Hindutva ekosistemi, düşmanlarına karşı militarist bir kabadayılık sergileyen İsrail’i bariz biçimde örnek alıyor ve Hindistan’ın da onu takip etmesini istiyor. Ancak Hindutva-Siyonizm ilişkisindeki diğer her şey gibi bu hiper militarizmin de ideolojik bir bağlamdan yoksun olmadığını belirtmek önemli. İki “Ps” —Filistin ve Pakistan— ile kendini gösteren, algılanan İslamcı tehdit tarafından kuşatılmış olma duygusu tarafından sağlam bir şekilde destekleniyor. Dolayısıyla, Hindutva ve İsrailli elitler arasındaki dayanışmanın altını kazıdığımızda, daha içgüdüsel bir şey —düşmanla hiç bitmeyen bir savaş halinde olmanın derinlere yerleşmiş stratejik paranoyası tarafından çerçevelenen kalıcı bir siyasi korku psikozu— buluyoruz.

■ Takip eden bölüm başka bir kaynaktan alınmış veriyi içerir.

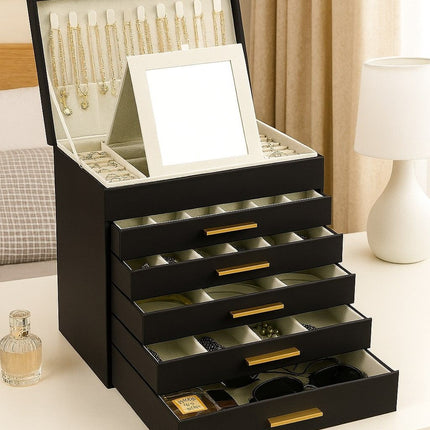 CARLA HOME  6-Layer Large Jewelry Organizer Box for Women with Mirror, Drawers, Hooks & Dividers for Rings, Necklaces, Bracelets, Ideal Gift for Women (Black)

Sonuç olarak, modern Hindutva ekosistemi etno devletçi, hiper milliyetçi hayallerini İsrail devleti üzerinden yaşatıyor. Modern Hindu milliyetçi elit, Siyonist projede kendi Hindu Raştra planının somut bir sonucunu görüyor. İsrail soyut bir hayal olmadığını, adım adım sonuca giden bir yol olduğunu gösteriyor. Fakat unuttukları şey, Siyonist projenin başarısının büyük bir kısmını savaş sonrası dönemde ABD ve Avrupa tarafından sunulan olağanüstü düzeydeki mali yardıma ve kararlı siyasi desteğe borçlu olduğu. Hindistan için bunların hiçbiri mevcut değil. Batı ile artan yakınlığına rağmen Yeni Delhi, Tel Aviv’in Batılı siyasi elitlerden aldığı desteğin bir kısmına bile sahip değil. Bu durum yakın zamanda da değişmeyecek. Dolayısıyla, Hindutva projesinin İsrail’e yönelik göz kamaştırıcı sevgisi gerçek bir jeopolitik dayanaktan yoksun kalmaya ve kırılgan bir ideolojik kardeşlik üzerinde işlemeye devam ediyor.